Quando a fase é de transição (Rio Grande do Sul - Minas Gerais - Espanha), de decisão, às vezes uma coisa lá dentro nos pede por uma guinada. E essa mesma "coisa" nos aflige (inclusive fisicamente) com o medo do que virá em seguida. É a luta do crescer, do enfrentar. São os rostos da saudade (do eu-antes) e do novo (eu-depois), que pedem para juntar as duas coisas, para estarem juntos.
Em Madrid, sigo me encontrando comigo mesmo no pensamento e no enfrentamento. Como diz uma amiga minha, não é para pensar que tudo vai dar certo. "Tudo já deu certo".

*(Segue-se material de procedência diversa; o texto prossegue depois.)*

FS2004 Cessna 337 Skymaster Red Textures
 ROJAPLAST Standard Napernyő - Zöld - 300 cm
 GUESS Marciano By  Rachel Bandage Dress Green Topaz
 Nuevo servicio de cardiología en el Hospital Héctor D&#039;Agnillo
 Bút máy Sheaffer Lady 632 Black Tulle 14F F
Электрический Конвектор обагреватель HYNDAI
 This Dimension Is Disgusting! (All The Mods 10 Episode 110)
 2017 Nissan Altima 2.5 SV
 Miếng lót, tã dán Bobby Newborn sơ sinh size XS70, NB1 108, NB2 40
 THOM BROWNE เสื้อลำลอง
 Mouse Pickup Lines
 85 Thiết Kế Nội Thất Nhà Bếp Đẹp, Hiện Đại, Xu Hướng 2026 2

Y lo que pasa es esto, la mezcla de dos cosas distintas y fuertes: saber ao mesmo tempo do privilégio de estar aqui e da necessidade de compreender estar aqui.
E a carta...
"Josué,
Faz muito tempo que eu não mando uma carta pra alguém. Agora eu estou mandando essa carta pra você. Você tem razão. Seu pai ainda vai aparecer e, com certeza, ele é tudo aquilo que você diz que ele é. Eu lembro do meu pai me levando na locomotiva que ele dirigia. Ele deixou eu, uma menininha, dar o apito do trem a viagem inteira. Quando você estiver cruzando as estradas no seu caminhão enorme, espero que você lembre que fui eu a primeira pessoa a te fazer botar a mão no volante. Também vai ser melhor pra você ficar aí com seus irmãos. Você merece muito muito mais do que eu tenho pra te dar. No dia que você quiser lembrar de mim, dá uma olhada no retratinho que a gente tirou junto. Eu digo isso porque tenho medo que um dia você também me esqueça. Tenho saudade do meu pai, tenho saudade de tudo.
Dora"
Um comentário:
Fred, deixa ver como eu começo isso... Bom, começo te dizendo que fiquei um tanto emocionado ao ler esses escritos sinceros de quem está "sob experiência", em pleno curso desse vão que a palavra ajuda a atravessar. Já vi tuas fotografias com a felicidade costumeira de te ver, mas agora leio o que você escreve com especial orgulho e alegria, que é de te flagrar, como você mesmo diz, intenso, na elaboração de um eu-todo-tempo que a sua travessia produzirá. Então escrevo para te desejar ser o resultante da experiência que vive, ser o filho dos seus acontecimentos.